Aim of the exercise:
The answer must match the material word for word, with every line included.
+++ Recorded data
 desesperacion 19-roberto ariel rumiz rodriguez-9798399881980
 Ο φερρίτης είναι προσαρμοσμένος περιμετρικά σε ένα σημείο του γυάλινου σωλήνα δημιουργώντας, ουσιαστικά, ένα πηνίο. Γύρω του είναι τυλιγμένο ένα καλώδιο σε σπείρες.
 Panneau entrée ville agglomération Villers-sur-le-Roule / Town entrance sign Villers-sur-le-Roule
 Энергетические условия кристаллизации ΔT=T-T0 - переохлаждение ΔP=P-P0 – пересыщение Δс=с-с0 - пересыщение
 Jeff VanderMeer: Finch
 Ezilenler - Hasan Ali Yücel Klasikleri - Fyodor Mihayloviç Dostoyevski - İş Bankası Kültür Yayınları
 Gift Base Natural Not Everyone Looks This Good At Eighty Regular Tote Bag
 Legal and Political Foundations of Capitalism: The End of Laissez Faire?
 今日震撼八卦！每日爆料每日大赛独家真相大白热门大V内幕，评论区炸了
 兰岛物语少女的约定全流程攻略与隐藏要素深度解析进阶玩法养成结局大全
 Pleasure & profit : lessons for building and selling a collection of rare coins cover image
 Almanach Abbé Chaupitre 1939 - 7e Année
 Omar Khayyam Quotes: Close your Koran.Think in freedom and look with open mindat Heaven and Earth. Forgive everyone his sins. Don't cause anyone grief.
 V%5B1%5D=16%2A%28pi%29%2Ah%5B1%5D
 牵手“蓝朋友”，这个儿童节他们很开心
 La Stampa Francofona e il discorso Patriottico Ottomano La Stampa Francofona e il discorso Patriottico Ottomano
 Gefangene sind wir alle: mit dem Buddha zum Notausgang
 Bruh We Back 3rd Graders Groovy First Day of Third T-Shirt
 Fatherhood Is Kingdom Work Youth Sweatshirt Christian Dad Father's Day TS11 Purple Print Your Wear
++++++
Exercise result:
 desesperacion 19-roberto ariel rumiz rodriguez-9798399881980
 Ο φερρίτης είναι προσαρμοσμένος περιμετρικά σε ένα σημείο του γυάλινου σωλήνα δημιουργώντας, ουσιαστικά, ένα πηνίο. Γύρω του είναι τυλιγμένο ένα καλώδιο σε σπείρες.
 Panneau entrée ville agglomération Villers-sur-le-Roule / Town entrance sign Villers-sur-le-Roule
 Энергетические условия кристаллизации ΔT=T-T0 - переохлаждение ΔP=P-P0 – пересыщение Δс=с-с0 - пересыщение
 Jeff VanderMeer: Finch
 Ezilenler - Hasan Ali Yücel Klasikleri - Fyodor Mihayloviç Dostoyevski - İş Bankası Kültür Yayınları
 Gift Base Natural Not Everyone Looks This Good At Eighty Regular Tote Bag
 Legal and Political Foundations of Capitalism: The End of Laissez Faire?
 今日震撼八卦！每日爆料每日大赛独家真相大白热门大V内幕，评论区炸了
 兰岛物语少女的约定全流程攻略与隐藏要素深度解析进阶玩法养成结局大全
 Pleasure & profit : lessons for building and selling a collection of rare coins cover image
 Almanach Abbé Chaupitre 1939 - 7e Année
 Omar Khayyam Quotes: Close your Koran.Think in freedom and look with open mindat Heaven and Earth. Forgive everyone his sins. Don't cause anyone grief.
 V%5B1%5D=16%2A%28pi%29%2Ah%5B1%5D
 牵手“蓝朋友”，这个儿童节他们很开心
 La Stampa Francofona e il discorso Patriottico Ottomano La Stampa Francofona e il discorso Patriottico Ottomano
 Gefangene sind wir alle: mit dem Buddha zum Notausgang
 Bruh We Back 3rd Graders Groovy First Day of Third T-Shirt
 Fatherhood Is Kingdom Work Youth Sweatshirt Christian Dad Father's Day TS11 Purple Print Your Wear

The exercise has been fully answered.